🔎 What Was Investigated
Matching for causal inference is well understood for low-dimensional data, but standard approaches break down for text documents. High dimensionality makes exact matching infeasible, propensity scores produce incomparable matches, and assessing match quality becomes difficult. The study frames text matching as two design choices: the choice of text representation and the choice of distance metric, and asks how these choices affect both the quantity and quality of matches.
🧪 How Methods Were Compared
A systematic multifactor evaluation experiment using human subjects was used to compare text-matching procedures. Key features of the evaluation:
- Over 100 unique text-matching methods were evaluated, along with 5 comparison methods drawn from the literature.
- Human judgments of subjective match quality were collected to assess pairwise match quality.
- A predictive model was developed to estimate match quality for document pairs as a function of the various distance scores derived from the tested methods.
📈 Key Findings
- Certain combinations of text representation and distance metric produced matches with higher subjective match quality than current state-of-the-art techniques.
- The predictive model successfully mimics human judgment and can predict match quality from distance scores, enabling approximate or unsupervised evaluation of new procedures.
- Both the number of matches identified and their subjective quality vary substantially with the choice of representation and distance metric.
🧩 Demonstrations of Use
Two applications illustrate practical benefits of the identified best method:
- Media bias: Text matching was used to control for topic selection when comparing news articles from thirteen news sources, clarifying comparisons across outlets.

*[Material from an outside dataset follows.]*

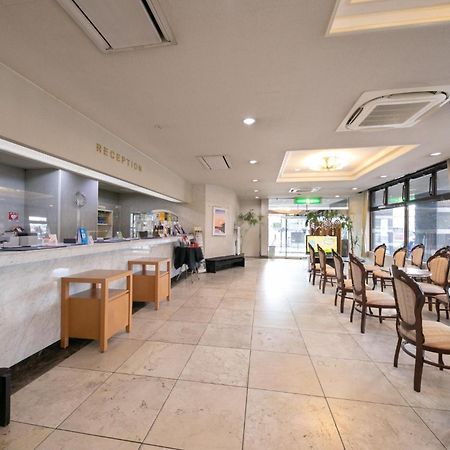 Main Hotel - Vacation Stay 82546 Miyakonojō 外观 照片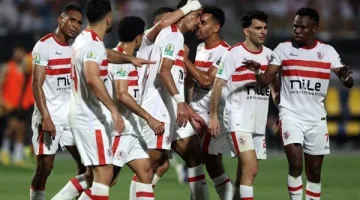 موعد مباراة الزمالك وبتروجيت في كأس عاصمة مصر: الجولة الثالثة والتفاصيل الكاملة عن المواجهة المرتقبة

- Observational causal inference: Conditioning on text data in a study of a medical intervention produced more precise causal estimates.
🔚 Why This Matters
The work provides a practical framework for matching documents by separating representation and distance choices, identifies methods that improve subjective match quality, and offers a predictive tool to approximate human match judgments—making text-based causal inference more reliable and easier to evaluate without extensive manual labeling.